Edward Lakoke, an Okeny family friend and spokesman, echoes that complaint. “We do see a lot of things that happen in different parts of Maine on the news. In Portland, there are very minute things that are always on the news,” Lakoke says, noting his surprise that Okeny’s death went unmentioned.

“My understanding is that it wasn’t something that showed up in our police logs,” Nemitz says, when asked about the delay. “My sense is that was because there were a lot of questions about what actually happened, and that the police weren’t treating it as a definite assault.” Nemitz confirms speaking to Slavick, and fielding complaints about the Press Herald’s inattention, but deferred other questions to the Press Herald’s top editor, Jeannine Guttman, who did not return calls seeking comment.

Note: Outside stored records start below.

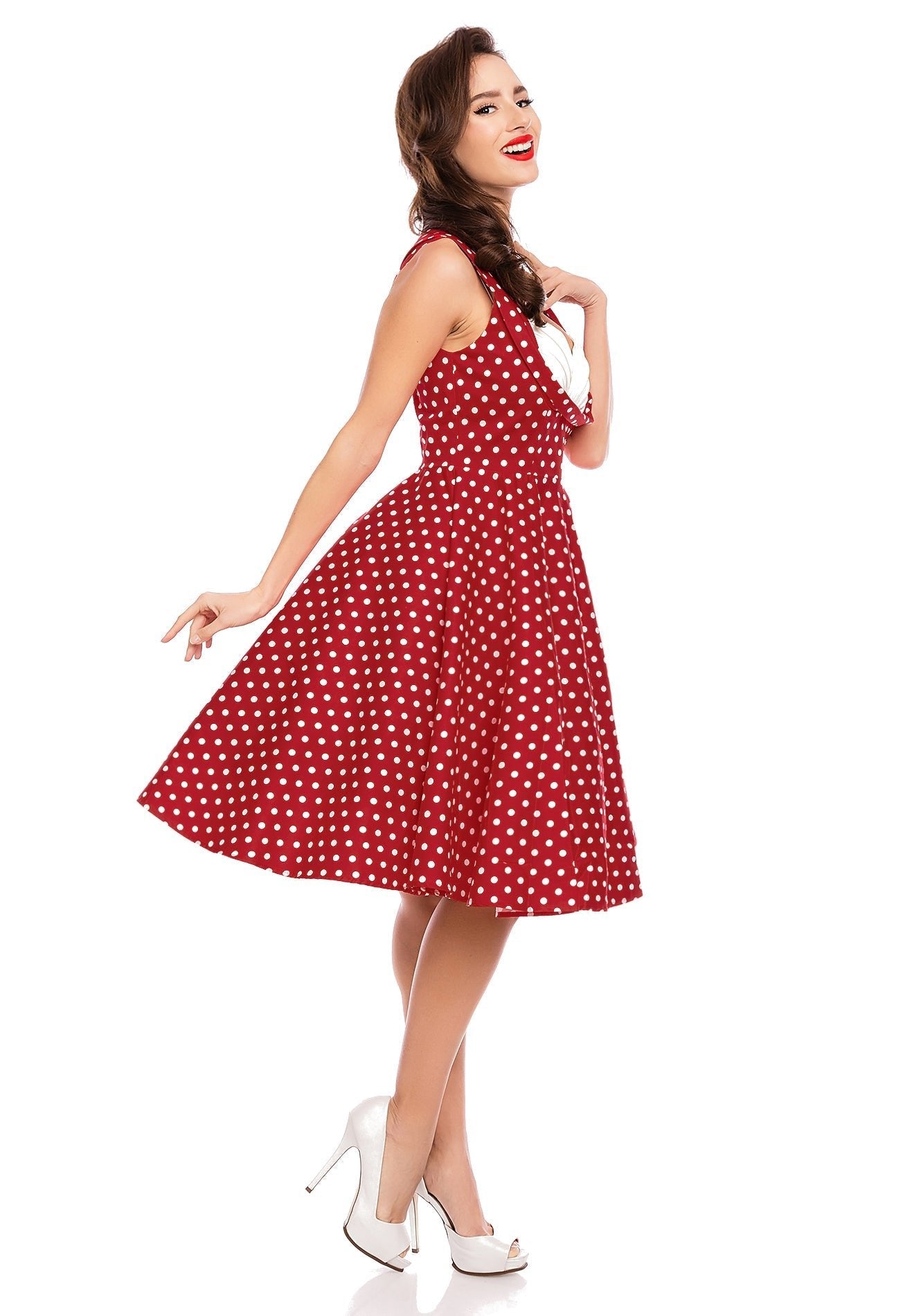 Pleated 50s Style Swing Dress Red Polka Dots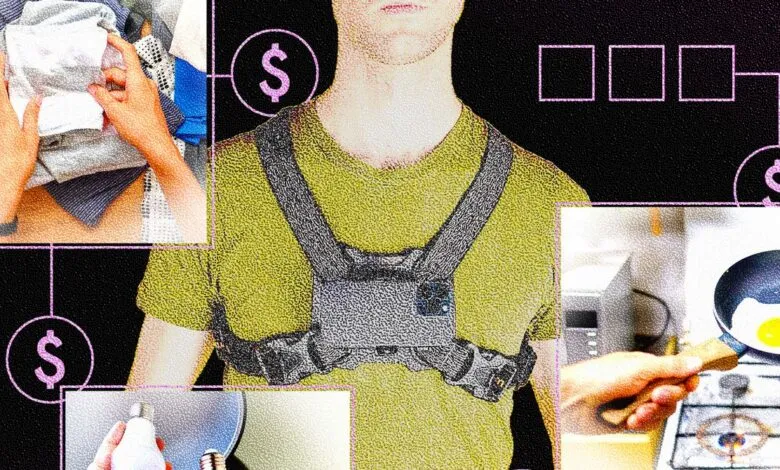 Person with camera harness, surrounded by images of tasks and dollar signs.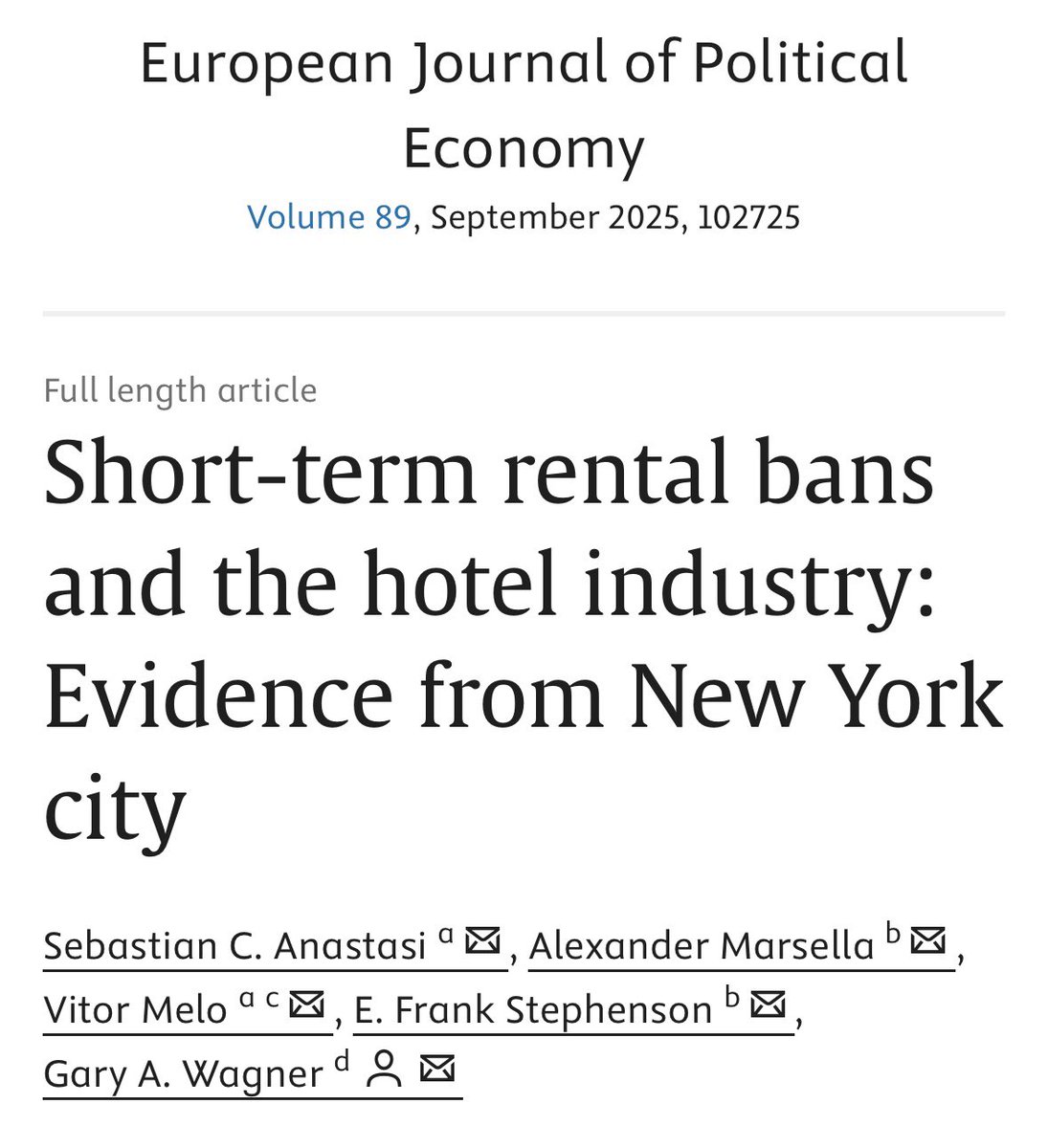 arpitrage's tweet photo. It will not shock you to learn the ban on Airbnb was led by political contributions by the hotel industry, and led to increased hotel rates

And when the paper finally acknowledged Edward’s plight (with a 173-word news brief on November 15, followed by a Nemitz column the next day), there was no satisfaction, because the family felt like it only happened because of the complaints. “We called the newspaper,” Edward’s brother Chris Okeny said, “that’s why they came.”
_RW

When members of Portland’s Sudanese community gathered at the Cathedral of the Immaculate Conception on November 16 to lay to rest 26-year-old Edward Okeny, the church was filled with more than just their collective grief and the hauntingly beautiful renditions of hymns sung in the harmonic call-and-response style of their homeland. Also in the air and on the tongues of the assembled were some unsettling questions, the answers for which seemed nowhere in sight: What had happened to Okeny, who had been found on the street with an empty wallet and a fractured skull? Had he somehow fallen to his untimely death, or was he murdered?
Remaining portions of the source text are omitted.